La que apareció, en cambio, en el umbral fue Ariana. Me miró fijamente. «¿Qué demonios haces?», dijo con los labios.

Noté que me dolían los nudillos magullados: tenía crispados los puños. Suspiré y los aflojé.

—Estoy revisando la cerca; se está combando.

Se la señalé como un idiota.

—¿Lo ves? La cerca.

Sonrió con sorna y cerró las lamas con la palma de la mano al tiempo que bajaba el asiento del inodoro.

Volví a entrar, me senté en el diván y miré el DVD por tercera vez. Luego saqué el disco y examiné el logo. Era de la misma marca barata que usaba yo para grabar los programas del sistema TiVo cuando quería verlos en la planta baja. Deliberadamente vulgar.

Ariana pasó por el salón y se fijó en el desayuno todavía intacto en la bandeja.

—Te prometo que no lo he envenenado.

Sonreí de mala gana. Cuando levanté la vista, ella ya se iba hacia la escalera.

* * *

Tiré el DVD sobre el asiento del acompañante de mi baqueteado Camry, y me quedé junto a la puerta abierta, escuchando el silencio del garaje.

Esta casa me había encantado en su día.
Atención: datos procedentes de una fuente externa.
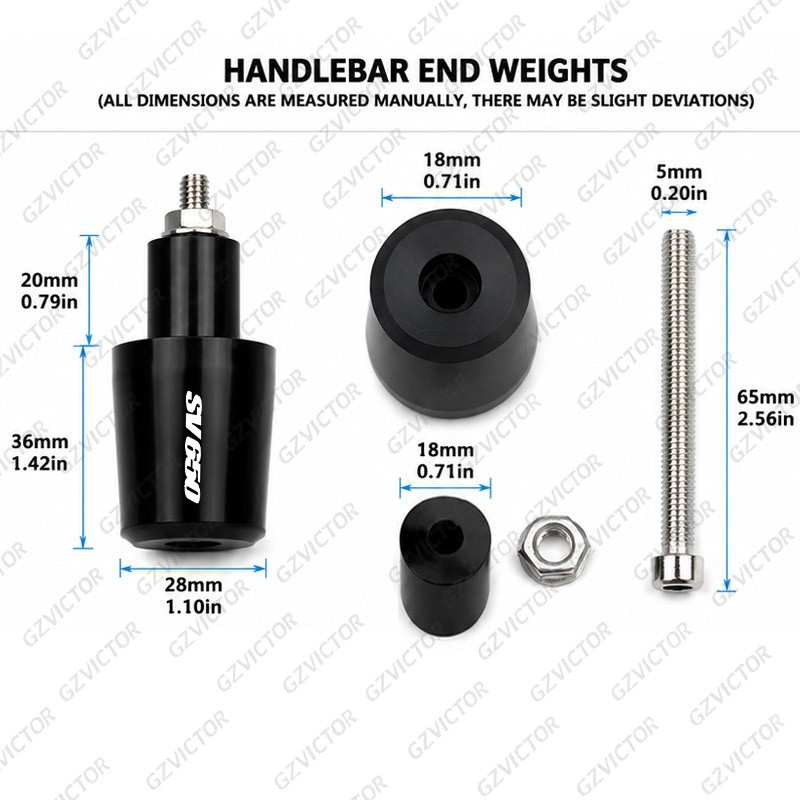 For SUZUKI SV650 SV650X SV650S motorcycle Bar End Weights Handlebar Ends Grip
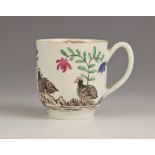 A Worcester porcelain coffee cup, circa 1765-1770, decorated in polychrome enamels with the Two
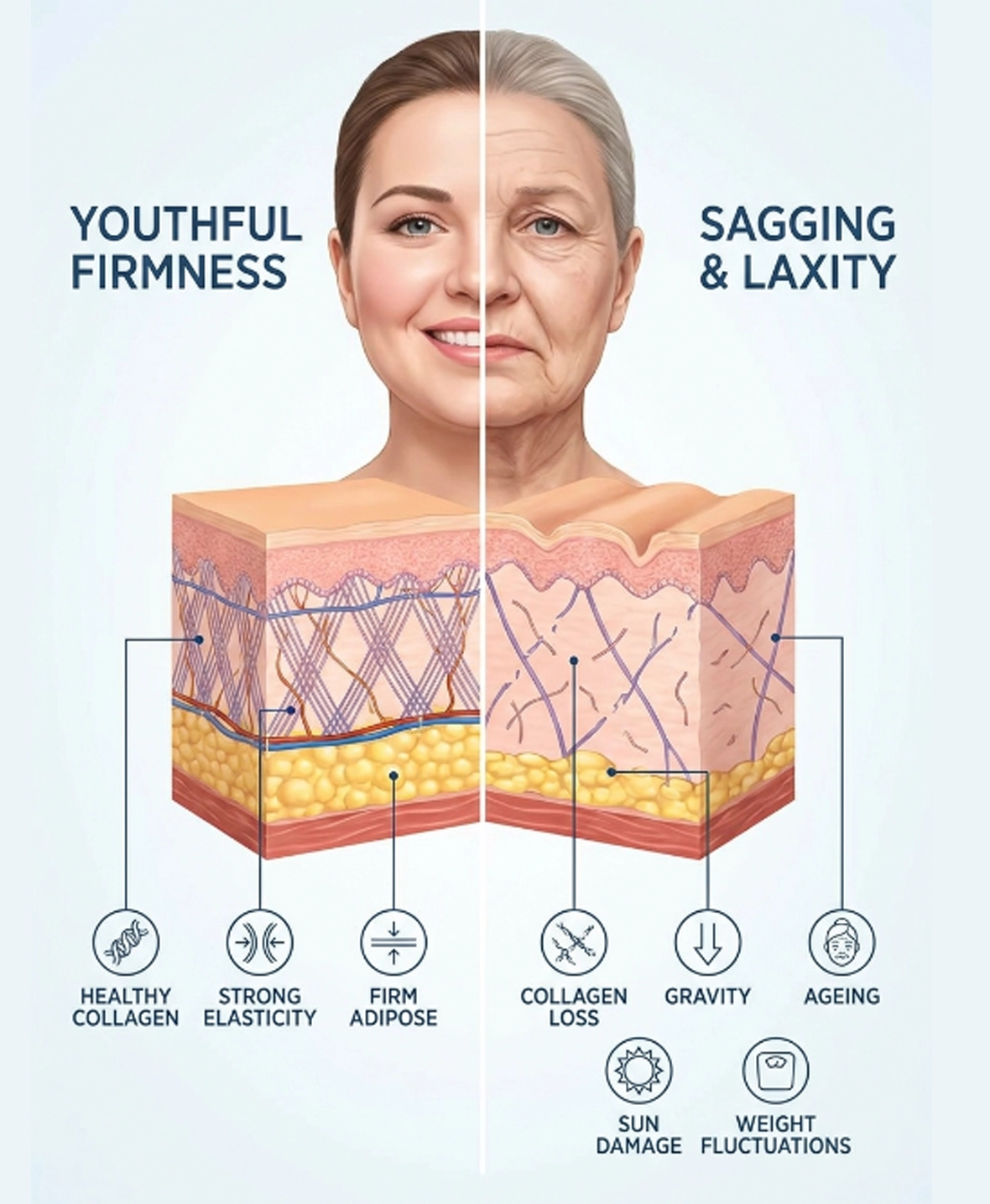 Common causes of facial sagging and skin laxity including ageing and collagen loss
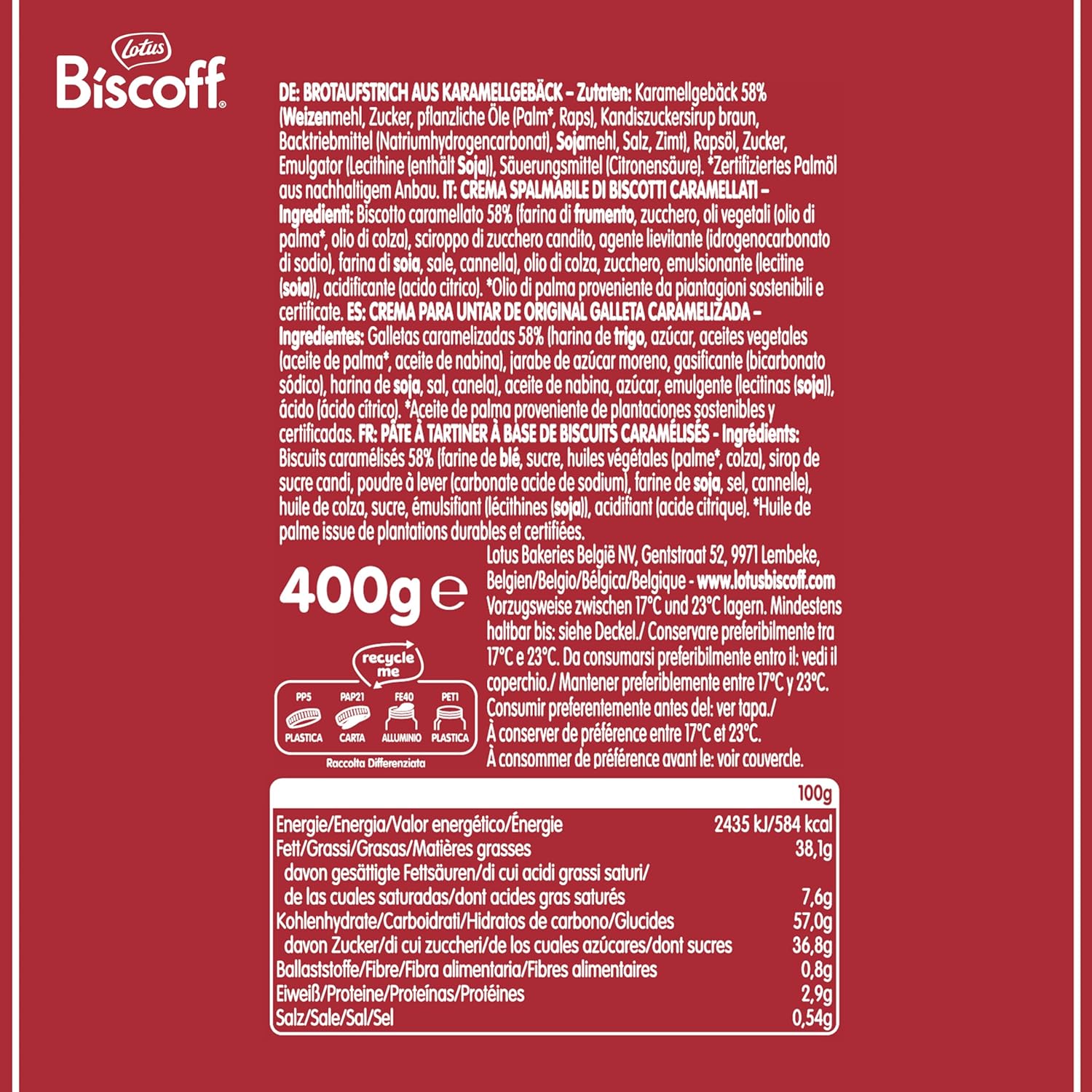 Crema de Galleta Lotus Biscoff 400 g – Sabor Caramelizado Original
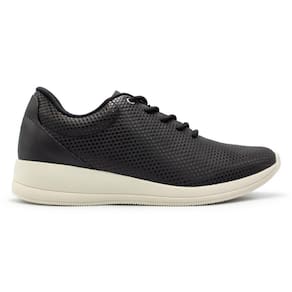 Tênis Usaflex Feminino Básico Em Couro Detalhe Textura AJ1206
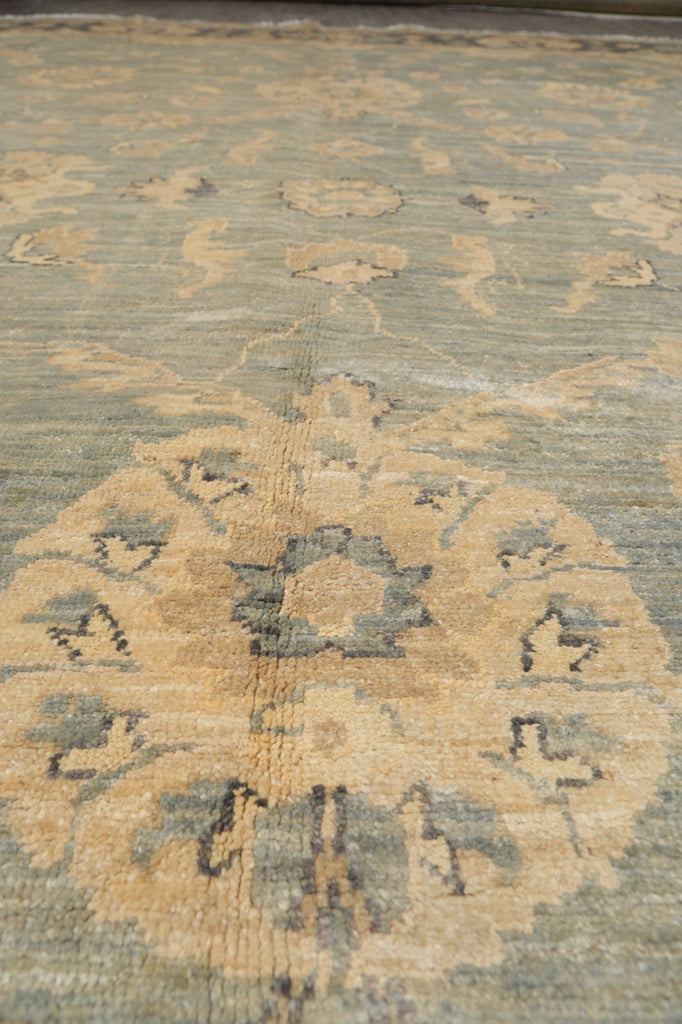 9 x 11.8 Olive Green Handmade Chobi Peshawar rug #F-4239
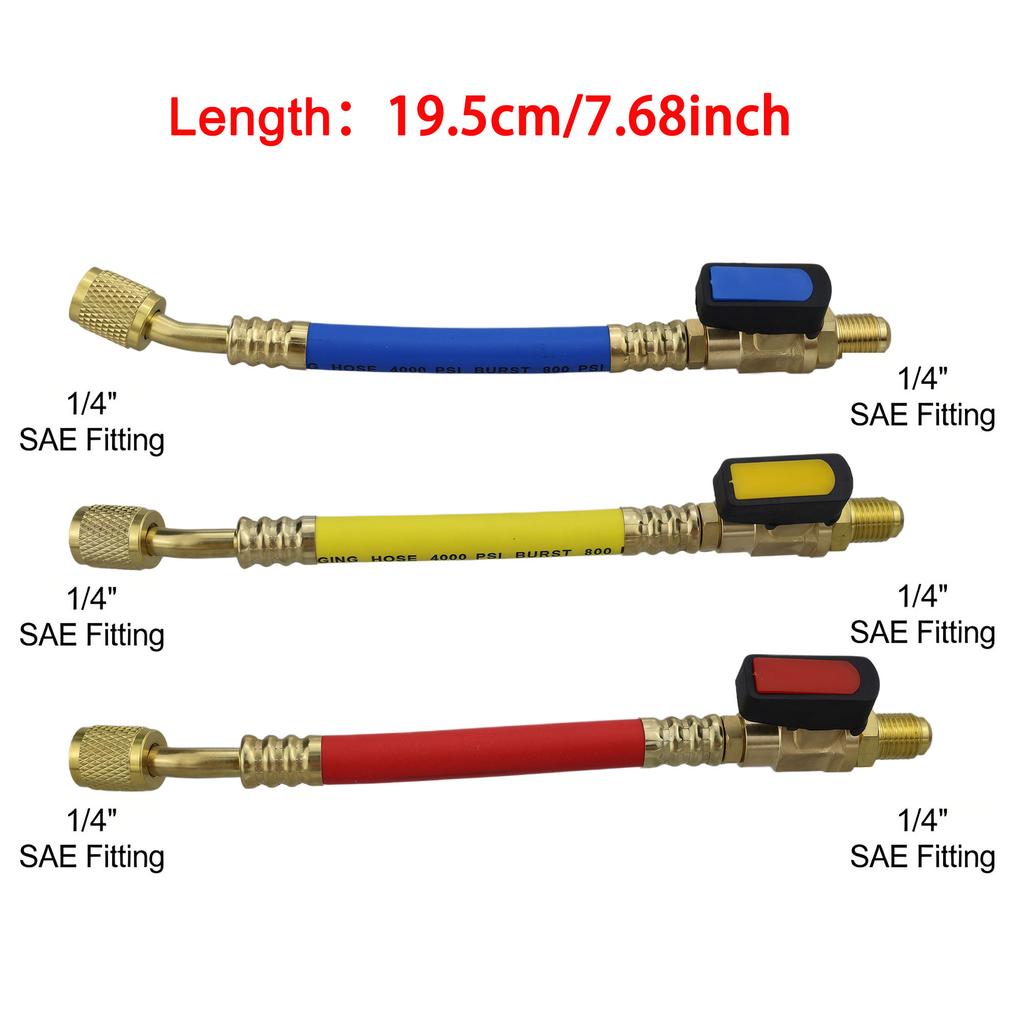 Air Conditioning Refrigerant Ball Valve 1/4" SAE Straight Shut-Off Valve for R134A R410A R22 R12 Charging Hoses AC Refrigerant Mass Air Flow 3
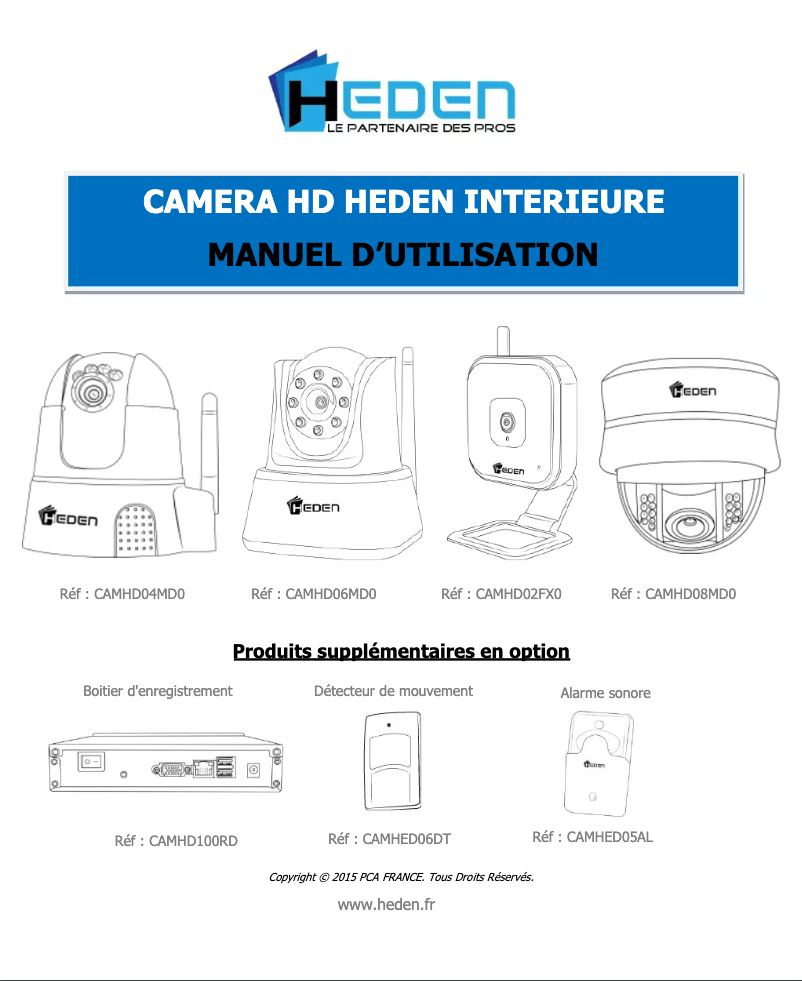 Page 1 de la notice Manuel utilisateur Heden CAMHD08MD0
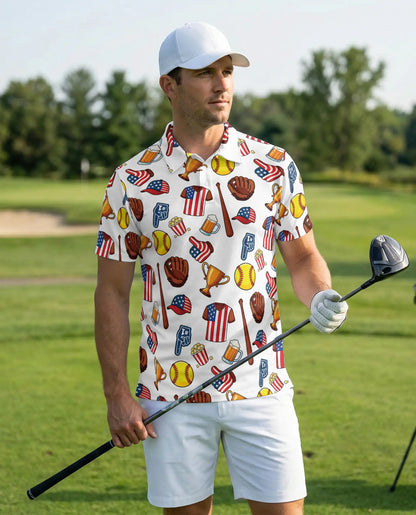 Patriotic Softball Polo Shirt for Men- USA Softball Game Day | Azhawaiian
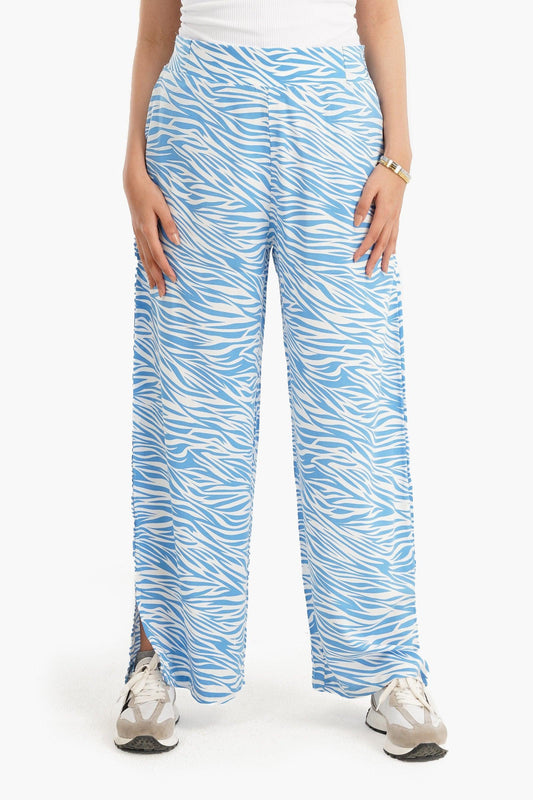 Bi-Tone Printed Pants with Slits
Estaba en la cima de Roscomare Road, cerca de Mulholland, y si resultaba a duras penas asequible era porque compartía la manzana con los apartamentos de estuco cuarteado y con la zona comercial del barrio. En nuestro lado de la calle solo había casas, y nosotros preferíamos fingir que vivíamos en un barrio propiamente dicho, y no en una carretera entre distintos barrios. Me había sentido orgulloso de este sitio cuando nos mudamos, y me dediqué a renovar el número de la calle, a reparar las luces del porche y a arrancar los rosales de solterona. Todo lo hice con tanto esmero, con tanto optimismo…

El rumor continuo de la circulación se colaba en la penumbra que me rodeaba. Pulsé el botón para abrir la puerta del garaje y me deslicé por debajo mientras se levantaba. Di un rodeo por la verja lateral, pasando junto a los cubos de basura. La ventana que se abría sobre el fregadero de la cocina ofrecía una vista del salón y de Ariana sentada en el brazo del diván. Tenía apoyada sobre la rodilla una taza humeante de café; la sujetaba con aire obediente, pero yo sabía que no se lo bebería, sino que lloraría hasta que se le enfriara y lo tiraría al fregadero. Me quedé clavado donde estaba como siempre, consciente de que debería entrar, pero paralizado por el escaso orgullo que me quedaba. La mujer que era mi esposa desde hacía once años lloraba dentro de casa, y yo afuera, sumido en una silenciosa desolación. Al cabo de un momento, me aparté de la ventana. El extraño DVD había aumentado un grado más mi vulnerabilidad, y al menos esa mañana, no tenía fuerzas para castigarme contemplándola.